Reno 911! Miami
Director
Cast
, , , , , , , , , ,
Rated
R
Runtime
84 min.
Release Date
02/23/2007
Reno 911!: Miami

The popular Comedy Central show Reno 911! makes its big-screen debut in Reno 911!: Miami (a title with too much punctuation). If you’ve never seen the show, it’s a mockup of COPS except a little funnier and set in Reno, NV. Filled with star-studded cameos, lots of swearing, and boobs galore, the film’s cast sheds all of their TV hindrances for their transition to motion pictures. But ultimately the movie is nothing the show wasn’t capable of, minus a few F-words and topless women. Television on the big screen just isn’t impressive. Throughout the movie,  I felt as though I should be at home in my pajamas, only half-watching this movie just for noise in the background, while I busy myself with something that deserves my attention.

The story involves the officers of Reno 911! accepting an invitation to a law enforcement conference in Miami. Excited as children at the gates of Disneyland, upon arriving the group is crushed when told their names aren’t on the list.
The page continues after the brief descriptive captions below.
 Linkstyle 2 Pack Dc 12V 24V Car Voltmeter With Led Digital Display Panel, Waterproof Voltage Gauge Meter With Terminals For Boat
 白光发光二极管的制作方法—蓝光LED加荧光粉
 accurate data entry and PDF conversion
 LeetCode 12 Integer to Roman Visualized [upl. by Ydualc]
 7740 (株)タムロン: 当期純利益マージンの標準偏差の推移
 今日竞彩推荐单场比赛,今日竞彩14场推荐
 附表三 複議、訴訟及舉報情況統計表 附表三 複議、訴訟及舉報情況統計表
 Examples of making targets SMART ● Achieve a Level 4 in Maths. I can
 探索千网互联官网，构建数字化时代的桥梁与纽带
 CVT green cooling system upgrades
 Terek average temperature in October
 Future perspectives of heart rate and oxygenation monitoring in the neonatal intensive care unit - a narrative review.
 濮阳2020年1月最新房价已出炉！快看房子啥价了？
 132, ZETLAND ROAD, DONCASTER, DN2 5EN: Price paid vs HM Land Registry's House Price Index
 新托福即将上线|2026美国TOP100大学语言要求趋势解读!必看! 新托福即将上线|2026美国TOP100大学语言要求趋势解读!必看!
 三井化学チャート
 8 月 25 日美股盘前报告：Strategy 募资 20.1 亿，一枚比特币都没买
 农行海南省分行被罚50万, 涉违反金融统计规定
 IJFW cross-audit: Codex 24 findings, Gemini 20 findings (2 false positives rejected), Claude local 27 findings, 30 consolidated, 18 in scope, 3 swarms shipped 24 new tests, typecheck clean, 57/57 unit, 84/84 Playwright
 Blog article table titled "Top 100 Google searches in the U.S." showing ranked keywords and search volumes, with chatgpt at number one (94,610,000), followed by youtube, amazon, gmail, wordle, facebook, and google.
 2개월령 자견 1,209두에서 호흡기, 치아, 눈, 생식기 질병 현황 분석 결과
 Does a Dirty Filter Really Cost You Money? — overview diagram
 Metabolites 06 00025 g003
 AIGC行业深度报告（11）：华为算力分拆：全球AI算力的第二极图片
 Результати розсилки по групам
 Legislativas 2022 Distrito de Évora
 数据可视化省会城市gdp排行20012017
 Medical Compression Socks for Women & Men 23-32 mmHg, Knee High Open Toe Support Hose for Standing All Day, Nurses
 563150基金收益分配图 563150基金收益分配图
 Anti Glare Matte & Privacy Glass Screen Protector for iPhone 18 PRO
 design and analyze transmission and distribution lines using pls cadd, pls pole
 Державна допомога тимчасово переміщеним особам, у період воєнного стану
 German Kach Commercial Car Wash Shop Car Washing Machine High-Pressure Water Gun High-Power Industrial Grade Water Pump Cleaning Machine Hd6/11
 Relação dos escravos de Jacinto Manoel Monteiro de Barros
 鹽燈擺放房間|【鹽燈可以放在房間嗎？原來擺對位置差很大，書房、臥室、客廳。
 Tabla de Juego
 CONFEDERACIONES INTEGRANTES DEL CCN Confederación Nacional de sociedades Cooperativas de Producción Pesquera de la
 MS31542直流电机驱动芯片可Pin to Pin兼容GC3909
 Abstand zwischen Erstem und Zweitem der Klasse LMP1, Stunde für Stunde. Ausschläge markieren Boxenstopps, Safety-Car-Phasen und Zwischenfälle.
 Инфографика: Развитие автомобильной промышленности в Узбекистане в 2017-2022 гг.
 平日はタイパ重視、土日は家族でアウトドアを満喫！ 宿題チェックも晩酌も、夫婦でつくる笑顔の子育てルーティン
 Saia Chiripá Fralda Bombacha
Refused admittance into the conference, the officers decide to make the best of a bad situation: they check into a dank motel and enjoy the spoils of Miami. Later, they discover the conference was contaminated with a poison and all officers in the area, save themselves, were quarantined inside. Reluctantly, the city of Miami puts the cops of Reno, NV in charge of the city’s safety. Antics ensue.

A college professor of mine asserted that TV imitates film, but film never imitates TV. As motion pictures came first and are generally regarded as art, TV remains jealous, always attempting to become film, thought never quite reaching the prestige of cinema. In terms of form, TV is low art and film is high art. Cinema only works at making fun of TV; whereas TV attempts to emulate film and can never make fun of it. Given the history of TV-based movies wherein the film out-does the show on which it’s based (see Mission: Impossible, The Fugitive, etc.), this opinion is hard to argue against.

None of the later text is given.